> Task details:
Nothing but the lines from the one with "Furinno End Table" through the end of the records below should be written out, and each must match word for word.

> Provided data:
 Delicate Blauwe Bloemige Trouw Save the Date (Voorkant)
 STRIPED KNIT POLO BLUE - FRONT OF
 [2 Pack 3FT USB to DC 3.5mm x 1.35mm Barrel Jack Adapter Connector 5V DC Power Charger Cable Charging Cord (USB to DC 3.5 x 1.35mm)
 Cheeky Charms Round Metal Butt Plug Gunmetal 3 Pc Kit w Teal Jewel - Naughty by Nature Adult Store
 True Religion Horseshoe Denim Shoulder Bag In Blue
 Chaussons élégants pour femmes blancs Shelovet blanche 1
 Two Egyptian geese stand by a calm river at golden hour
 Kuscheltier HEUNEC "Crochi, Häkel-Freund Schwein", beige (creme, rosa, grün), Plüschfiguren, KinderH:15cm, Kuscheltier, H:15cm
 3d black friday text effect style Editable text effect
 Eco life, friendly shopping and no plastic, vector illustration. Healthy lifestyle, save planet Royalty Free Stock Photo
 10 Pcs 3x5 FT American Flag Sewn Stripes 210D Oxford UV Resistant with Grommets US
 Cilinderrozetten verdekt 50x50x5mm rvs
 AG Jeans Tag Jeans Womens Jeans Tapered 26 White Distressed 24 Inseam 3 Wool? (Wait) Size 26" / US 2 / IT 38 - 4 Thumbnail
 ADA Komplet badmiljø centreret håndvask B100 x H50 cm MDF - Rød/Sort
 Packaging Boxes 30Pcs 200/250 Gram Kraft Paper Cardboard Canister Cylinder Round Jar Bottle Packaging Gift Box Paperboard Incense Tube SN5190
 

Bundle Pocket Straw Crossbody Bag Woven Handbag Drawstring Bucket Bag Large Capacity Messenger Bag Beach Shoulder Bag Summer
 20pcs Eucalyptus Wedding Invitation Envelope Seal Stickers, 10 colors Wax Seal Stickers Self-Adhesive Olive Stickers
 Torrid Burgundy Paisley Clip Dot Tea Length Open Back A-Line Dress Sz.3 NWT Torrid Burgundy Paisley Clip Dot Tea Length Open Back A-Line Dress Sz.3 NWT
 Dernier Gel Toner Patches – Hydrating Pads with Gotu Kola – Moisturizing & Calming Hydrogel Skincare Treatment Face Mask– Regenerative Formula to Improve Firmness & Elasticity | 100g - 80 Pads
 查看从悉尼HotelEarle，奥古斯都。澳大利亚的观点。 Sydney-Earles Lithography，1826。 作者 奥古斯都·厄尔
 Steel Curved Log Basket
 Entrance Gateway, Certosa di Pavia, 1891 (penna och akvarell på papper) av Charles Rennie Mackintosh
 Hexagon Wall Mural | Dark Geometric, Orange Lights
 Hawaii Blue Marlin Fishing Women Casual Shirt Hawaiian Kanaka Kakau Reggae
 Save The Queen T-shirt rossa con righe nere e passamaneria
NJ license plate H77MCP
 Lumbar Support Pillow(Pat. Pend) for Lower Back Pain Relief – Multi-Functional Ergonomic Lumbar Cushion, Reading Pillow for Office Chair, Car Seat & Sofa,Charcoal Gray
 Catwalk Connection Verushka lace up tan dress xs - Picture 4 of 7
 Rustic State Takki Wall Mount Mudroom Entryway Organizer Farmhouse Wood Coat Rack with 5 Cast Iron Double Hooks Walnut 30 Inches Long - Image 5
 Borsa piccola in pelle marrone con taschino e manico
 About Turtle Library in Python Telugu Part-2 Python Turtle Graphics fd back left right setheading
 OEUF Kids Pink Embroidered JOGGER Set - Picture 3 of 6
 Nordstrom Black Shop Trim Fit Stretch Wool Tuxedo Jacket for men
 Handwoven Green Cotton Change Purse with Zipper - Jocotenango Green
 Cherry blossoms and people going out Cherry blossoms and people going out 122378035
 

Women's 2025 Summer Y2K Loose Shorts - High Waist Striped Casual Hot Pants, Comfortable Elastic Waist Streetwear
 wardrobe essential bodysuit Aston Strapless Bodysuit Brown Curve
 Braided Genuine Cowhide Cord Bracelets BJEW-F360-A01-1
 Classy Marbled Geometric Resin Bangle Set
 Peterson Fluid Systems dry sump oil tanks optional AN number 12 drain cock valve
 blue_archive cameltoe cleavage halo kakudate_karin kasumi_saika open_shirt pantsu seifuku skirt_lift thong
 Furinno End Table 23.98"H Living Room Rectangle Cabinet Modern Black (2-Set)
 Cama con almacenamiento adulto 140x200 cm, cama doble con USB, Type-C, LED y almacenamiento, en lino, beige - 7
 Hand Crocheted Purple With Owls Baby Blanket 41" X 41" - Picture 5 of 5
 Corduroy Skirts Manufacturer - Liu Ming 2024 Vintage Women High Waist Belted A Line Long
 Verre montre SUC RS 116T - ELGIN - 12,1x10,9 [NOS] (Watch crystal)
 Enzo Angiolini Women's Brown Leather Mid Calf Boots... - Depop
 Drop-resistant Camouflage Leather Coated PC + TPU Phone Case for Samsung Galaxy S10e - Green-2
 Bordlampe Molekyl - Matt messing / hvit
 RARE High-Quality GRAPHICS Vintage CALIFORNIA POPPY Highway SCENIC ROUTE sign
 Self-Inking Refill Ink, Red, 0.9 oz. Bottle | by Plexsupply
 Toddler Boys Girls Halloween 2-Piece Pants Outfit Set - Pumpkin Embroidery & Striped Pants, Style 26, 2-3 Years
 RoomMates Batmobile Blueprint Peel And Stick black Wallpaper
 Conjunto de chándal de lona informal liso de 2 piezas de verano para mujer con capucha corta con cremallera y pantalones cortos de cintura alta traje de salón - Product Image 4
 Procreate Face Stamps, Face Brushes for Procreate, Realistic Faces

> Response for this exercise:
 Furinno End Table 23.98"H Living Room Rectangle Cabinet Modern Black (2-Set)
 Cama con almacenamiento adulto 140x200 cm, cama doble con USB, Type-C, LED y almacenamiento, en lino, beige - 7
 Hand Crocheted Purple With Owls Baby Blanket 41" X 41" - Picture 5 of 5
 Corduroy Skirts Manufacturer - Liu Ming 2024 Vintage Women High Waist Belted A Line Long
 Verre montre SUC RS 116T - ELGIN - 12,1x10,9 [NOS] (Watch crystal)
 Enzo Angiolini Women's Brown Leather Mid Calf Boots... - Depop
 Drop-resistant Camouflage Leather Coated PC + TPU Phone Case for Samsung Galaxy S10e - Green-2
 Bordlampe Molekyl - Matt messing / hvit
 RARE High-Quality GRAPHICS Vintage CALIFORNIA POPPY Highway SCENIC ROUTE sign
 Self-Inking Refill Ink, Red, 0.9 oz. Bottle | by Plexsupply
 Toddler Boys Girls Halloween 2-Piece Pants Outfit Set - Pumpkin Embroidery & Striped Pants, Style 26, 2-3 Years
 RoomMates Batmobile Blueprint Peel And Stick black Wallpaper
 Conjunto de chándal de lona informal liso de 2 piezas de verano para mujer con capucha corta con cremallera y pantalones cortos de cintura alta traje de salón - Product Image 4
 Procreate Face Stamps, Face Brushes for Procreate, Realistic Faces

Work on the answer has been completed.